Illustration of a fraudster returning a package through a smartphone

Returns are an inevitable aspect of doing business; however, not all returns are legitimate. Return fraud can pose significant challenges to the sustainability and profitability of e-commerce ventures.

In a 2021 survey by the National Retail Federation (NRA), alarming statistics highlighted the pervasive impact of return fraud on retailers’ bottom lines. They revealed that for every US $100 worth of returned merchandise, retailers are losing US $10.30 due to fraudulent activities. Shockingly, approximately 10% of all returns are tainted by fraudulent schemes and the exploitation of return policies.

Despite retailers’ efforts to remain vigilant, return fraud remains a formidable challenge.
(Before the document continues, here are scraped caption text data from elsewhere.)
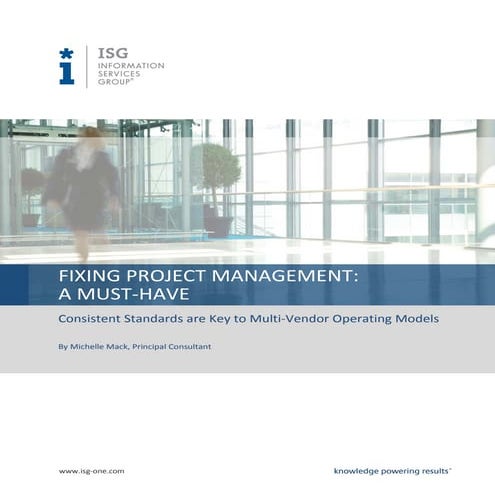 Fixing Project Management: A Must-Have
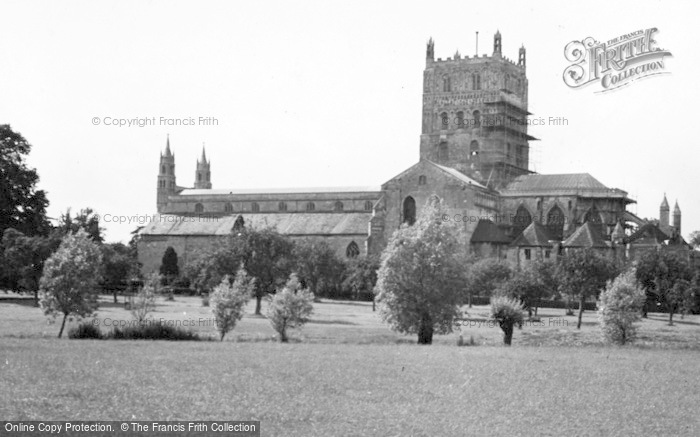 Photo of Tewkesbury, Abbey 1938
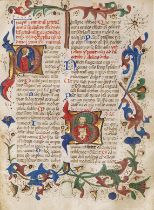 Breviarium Romanum - Lateinische Handschrift auf Pergament. Italien.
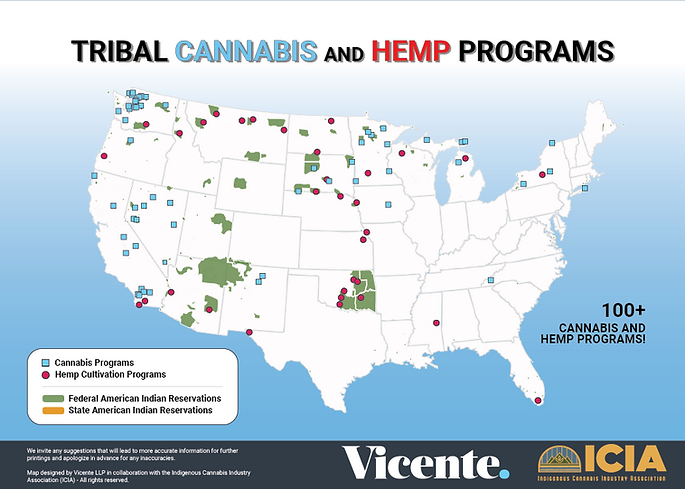 Indigenous Cannabis Industry Association Releases Map of Tribal Cannabis and Hemp Programs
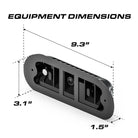 Feniex Perimeter Flood Light equipment dimensions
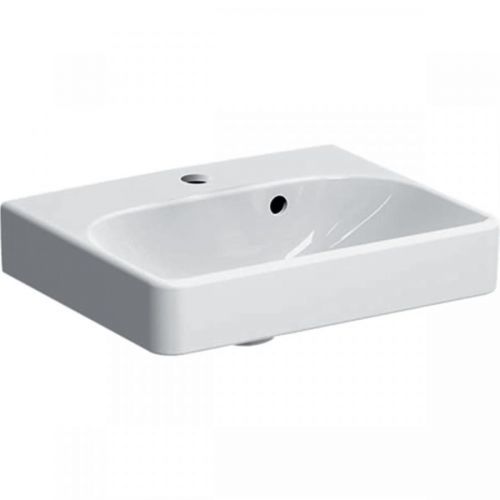Umývátko Geberit Smyle Square 45x36 cm otvor pro baterii uprostřed 500.222.01.1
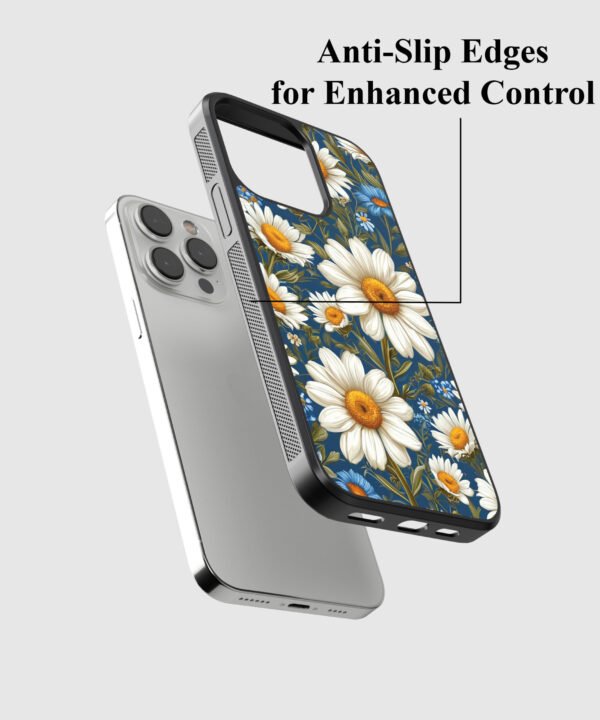 Vibrant floral Metal Case Cover for iPhone 15 Pro Max – Feature 2 View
Detecting and preventing such fraudulent activities proves exceptionally difficult, given the intricate nature of these schemes and the inherent complexities of modern return policies. Many retailers find themselves caught in a delicate balancing act, striving to uphold customer satisfaction while safeguarding against the detrimental effects of return fraud.

Here, we’ll delve into return fraud and its various forms and, most importantly, equip businesses like yours with the knowledge and strategies to mitigate its impact.

Table of Contents
What is return fraud?
The impact of return fraud
Strategies to mitigate return fraud
Final thoughts

What is return fraud?

Error symbol hovering above a laptop keyboard

Return fraud encompasses a range of deceptive practices in which individuals exploit the return process for personal gain; this can include returning stolen merchandise, using counterfeit receipts, or manipulating return policies to obtain refunds or replacements unjustly.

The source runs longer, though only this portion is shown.